The Linux on these machines is running under z/VM, in multiple virtual machines. When one of them has a software fault, you reboot that one's VM and keep going; the other 132 Linux-running VMs run without noticing anything happened. (It is possible for z/VM to fault, sure. But it's an OS with 40 years of refinement in the "100% uptime" mainframe culture, and its task is just managing the virtual machines.) When something goes wrong with the hardware, the fault tolerance and self-healing features keep things running, and you fix the faulty element with a hot-swap. A properly set-up datacenter is going to minimize external risks, with backup power and such.
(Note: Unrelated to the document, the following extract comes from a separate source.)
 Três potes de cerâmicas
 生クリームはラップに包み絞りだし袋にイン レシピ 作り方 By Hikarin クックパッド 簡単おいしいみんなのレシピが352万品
Proper choice of datacenter location will minimize natural disaster risk.
So, yeah, the big risk is human failure, and these IBM-built, IBM-owned datacenters are presumably going to have extensively trained IBM-employed mainframe personnel, which minimizes that risk.
Now, if some cable company cuts the fiber optic lines . . .
There are a lot of errors in your comments, unfortunately. Of course you can run Red Hat and SuSE concurrently in a single LPAR under z/VM, and multiple versions thereof. This has always been true, ever since Linux began running on mainframes many years ago. You might want to have more than one LPAR to run more than one version of (first level) z/VM, but you don't need many. Two or three for z/VM and Linux is typical and just fine. And it's not as if LPARs are in short supply on mainframes: up to 60 are available on a single machine (30 on the smaller model), so "spending" 1 to 3 is no big deal.
Re: Investing in new mainframes, come on, get real. It's so easy to find market data because companies like Gartner and IDC publish it, and IBM just announced its 8th straight quarter of mainframe hardware growth, something that hasn't happened since before Y2K. It's impossible to do that with "a few showboat customers."
And no, you simply cannot approach the level of virtualization these machines offer on any other system, at least for typical business computing, and still offer reliable service to users. In fact, in IBM's case many of the software licenses are presumably "free," and they still found big cost savings by taking 4,000 machines down to 30. For the rest of the world the mathematics in such situations are even more compelling.
I was involved in a migration to the zOS architecture three years ago. I am currently involved in a similar exercise for a British telecoms company whose name escapes me. In both cases the principle was perfectly sound, but the reality rapidly starts to come down to what can be migrated, when, and why. At IBM application compatibility was a major consideration, and ultimately prevented key parts of the system from being migrated. At the current site, surprise surprise, the problems are the same, plus reluctance to do the work (upgrades, work required on the client's part, age of applications and Plain Old Politics). I wish IBM good luck, and perhaps because there is a better integration of operations and systems they might succeed, but I would be willing to bet that by the end of the process, they will have reached about 80% of their target.